# [Exercise]
Don't include any picture when you restate the data word for word.

# [Information shown]
···

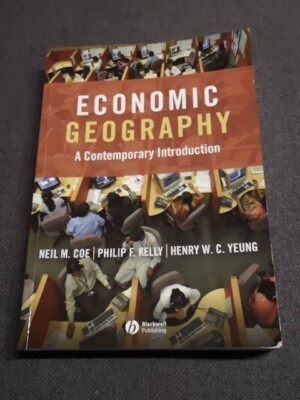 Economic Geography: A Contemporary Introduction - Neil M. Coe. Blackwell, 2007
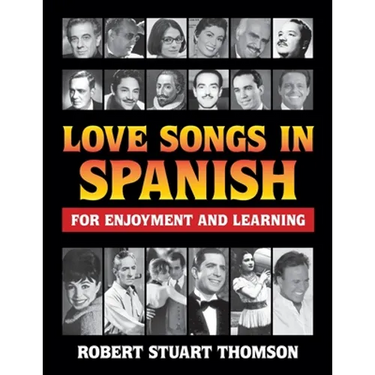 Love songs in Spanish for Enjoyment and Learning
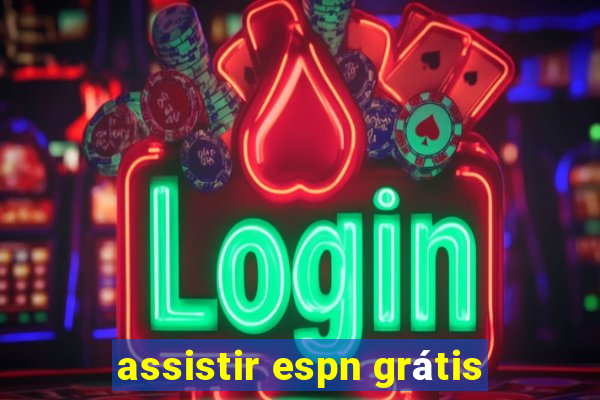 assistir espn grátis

···

# [Response]
 Economic Geography: A Contemporary Introduction - Neil M. Coe. Blackwell, 2007
 Love songs in Spanish for Enjoyment and Learning
 assistir espn grátis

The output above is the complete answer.